How do you know digital signage works? What’s the ROI?

That’s the ultimate question, isn’t it? Obviously, most people want to know how an investment in digital signage will boost sales. But it’s seldom easy to tie digital signage as a direct cause of product sales, because there are other influences in a customer’s decision to purchase a financial product. Digital signage is rarely deployed in isolation. A promotional spot running on the screens at the branch is usually one piece of a larger campaign that includes TV, print and online ads. So, determining which of all those mediums actually prompted the buy decision is not always easy. What we do know, though, is that banks can achieve measurable and meaningful gains by fine-tuning their messaging to branches based on CRM, geodemographic and patronage information. Two of our major clients are seeing regular sales lift in excess of 10% by bringing the intelligence once reserved for direct marketing into their POS efforts.

We also know that digital media improves the overall efficiency of point of sale marketing and have seen in some specific cases:

  • 200% increase in awareness of bank offers
  • 400% increase in recall of two or more messages
  • 62% reduction of perceived wait time

Where’s digital signage going? What’s the future hold?

We’re getting past the stage where banks are questioning whether they need a digital signage network. The question is quickly becoming, “How can we make the most of this investment?” So, even as banks get their heads around the basics of digital messaging, I think they are going to look for other ways to leverage their investment. Here are some ways they might do that:

  • Education – As educational marketing takes off, we’re seeing a lot of interest in using the digital signage network to deliver educational content to the branch. For instance, a bank might set up a temporary theater in the lobby and having hourly shows on topics like debt management, rebuilding your nest egg, or mortgage relief.
  • Guided sales – With the use of touch screens and other interactive devices (e.g., Microsoft Surface) it’s possible to provide sales reps with something better than brochures as they walk customers through products, features and personalized what-if scenarios.
  • Direct mail fulfillment – Some of our clients have run “scan and win” direct-mail campaigns that invited customers to bring their letters in to the branch, run them under a scanner to see if they’ve won a big prize. Sweepstakes are nothing new, but when you combine it with direct mail, the amount and quality of data you can collect is impressive.
  • Staff training – If you can communicate to customers, why not to employees? Some banks run employee-only programming before opening time, or run employee-only content on screens that can be seen only in backstage areas.
  • Customer experience – As I mentioned earlier, we had an instance where one of our clients used digital signage to reduce the perceived wait time for customers by 62%. How else can we use digital content to affect the ambiance of the branch and shape the customer experience? I believe this will be an area of greater experimentation going forward.
  • Feedback – Digital signage makes it possible to pose questions to customers about different financial topics, say, as they wait in the queue, and then use their collective responses to influence the content that plays on-screen.

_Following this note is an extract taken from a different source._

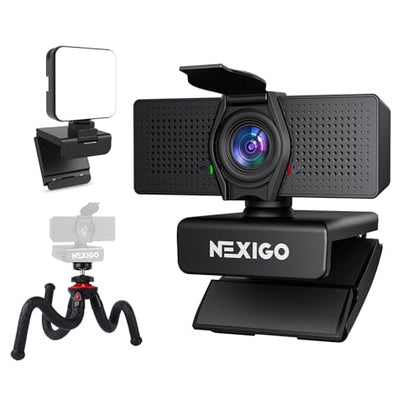 NexiGo 4K Business Webcam Kit, N60 Pro UHD Web Cam with Autofocus, 1080p 60 fps, Noise-Canceling Mics, Video Conference Light, Flexible Tripod Stand, for Switch 2/Zoom/Teams/Google Meet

What I intentionally left out are Minority Report scenarios in which customers are identified upon entering the bank and presented with personalized selling propositions. Aside from the technology companies selling those kinds of approaches, I don’t think there’s a lot of mainstream interest in this. Maybe someday, but not in the current economic climate. For now, digital signage is appealing to banks only to the extent that it can solve existing business problems.

How much time should be spent managing a digital signage system?

We’ve said that locally relevant messaging is the key to ROI. However, most banks do not have the staff in place to manage large volumes of message permutations through a manual approach. For that reason, we are working with our clients to develop rules-based mechanisms to direct the right messages to the right branches. We’re also developing techniques to “assemble” content on the fly – again based on business rules. This “set it and forget it” approach lets our clients manage thousands of message permutations with very minimal in-house staff.

How often should messages be rotated for “freshness?”

It’s always good to give customers a fresh experience each time they visit the branch. To that end, we make a lot of use of “dynamic content,” which might include news-related content, stock-market information or weather updates – all of which update daily. It’s important to embed visual and other “clues” in the content to let customers know that they are watching the latest information. Product and service messaging is a little more long-lasting. We might aim to refresh those messages every four to six weeks, though these, too, can benefit from the addition of time-sensitive calls to action or other techniques to give them a sense of urgency.

What’s the right mix of messages — brand, product/service awareness, promotional? How much third-party content should there be?

It does vary from one client to the next and all depends on the bank’s marketing strategy. That said, we almost always employ a mix of third-party (news, weather, stock, entertainment, etc.) content with bank and community messages. Like editing a newspaper or TV broadcast, the art lies in how you mix all those elements.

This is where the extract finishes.